◆ **About this exercise**
Only one stretch of the data should be retyped: the lines from the line containing "2016-john-deere-1025r-image-88" through the line containing "18 Milroy Street, Willagee WA 6156". Keep pictures out of it.

◆ **Data to process**
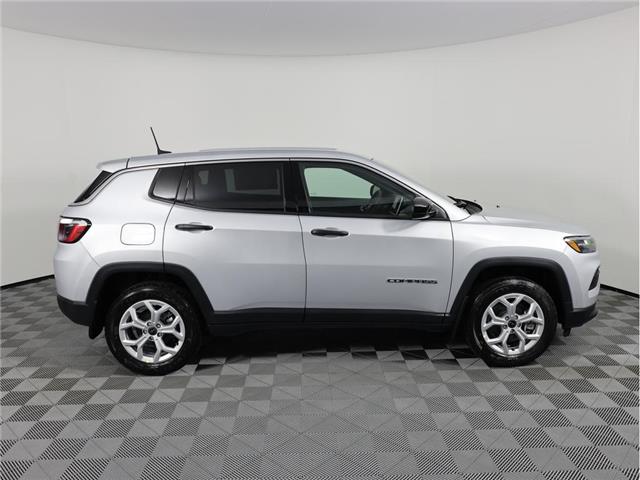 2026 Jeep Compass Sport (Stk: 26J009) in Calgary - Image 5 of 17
* * *
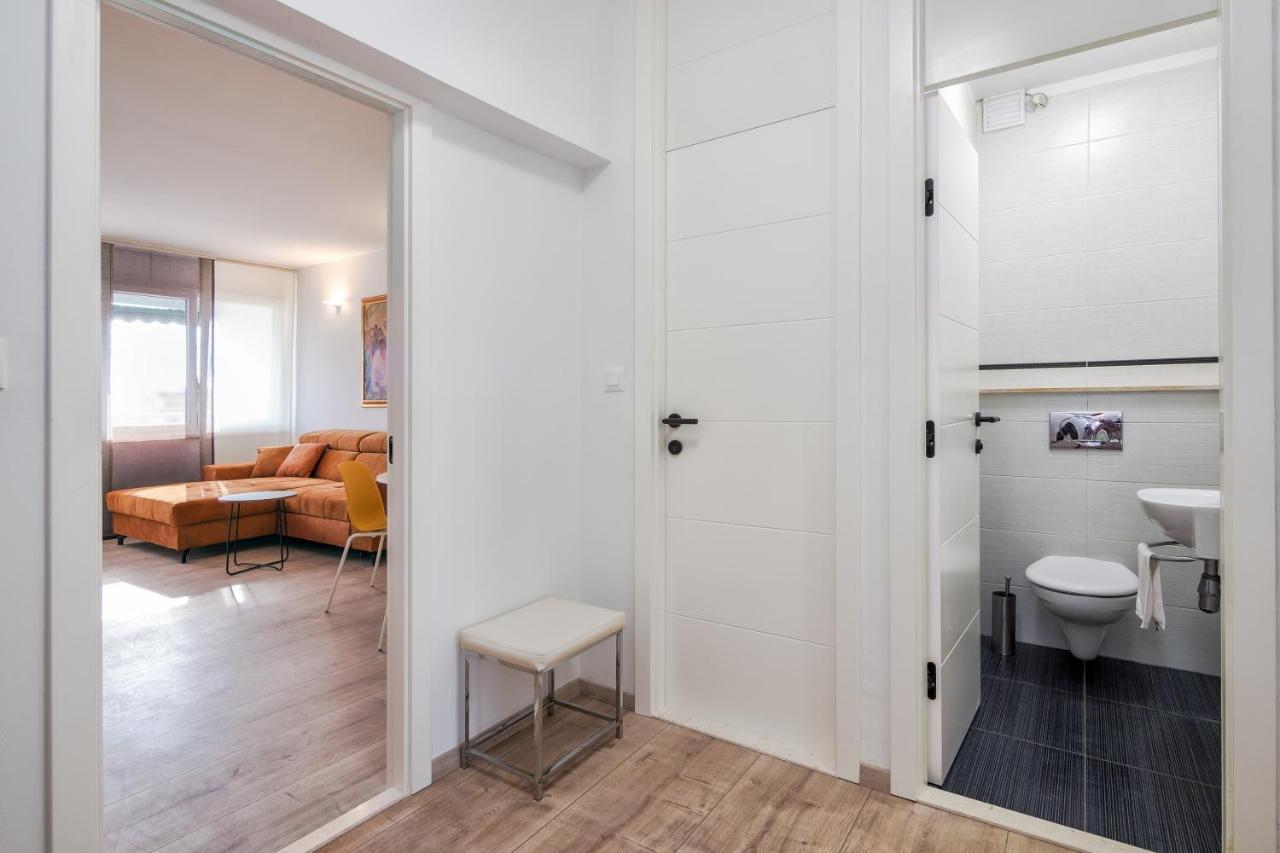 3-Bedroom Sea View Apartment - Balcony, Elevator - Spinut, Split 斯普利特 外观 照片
--
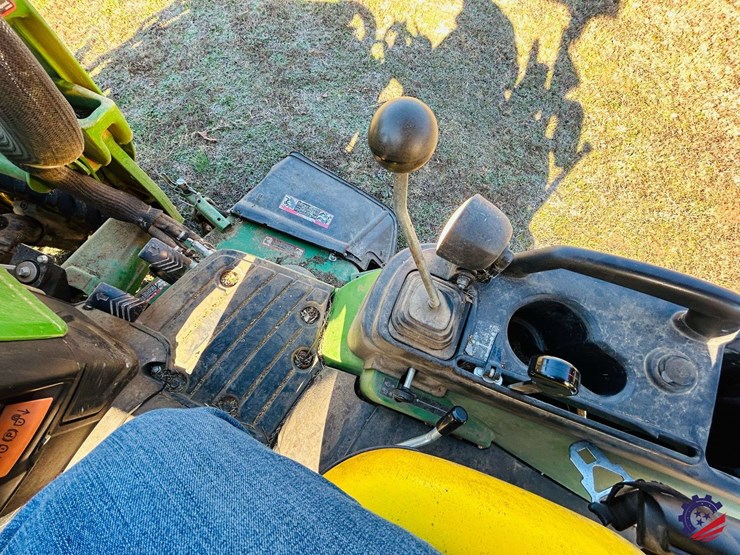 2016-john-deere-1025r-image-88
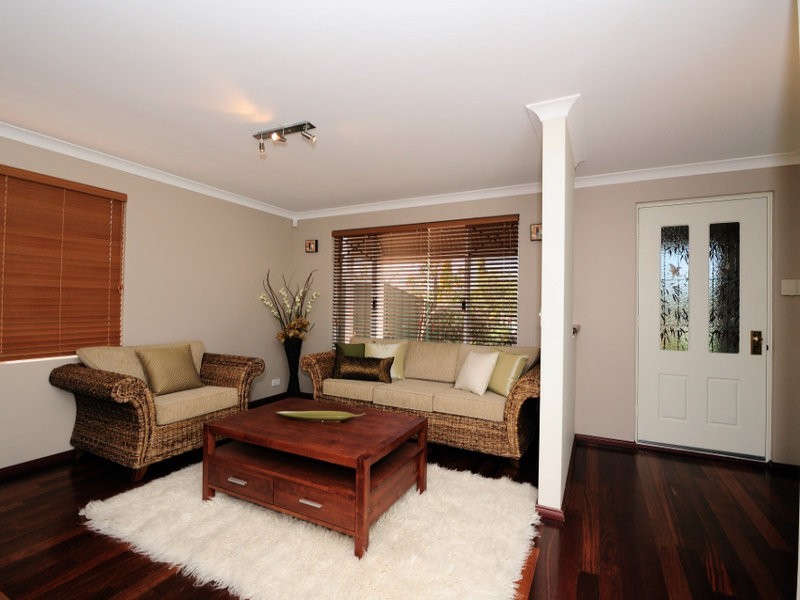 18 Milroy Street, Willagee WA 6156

◆ **Answer box**
 2016-john-deere-1025r-image-88
 18 Milroy Street, Willagee WA 6156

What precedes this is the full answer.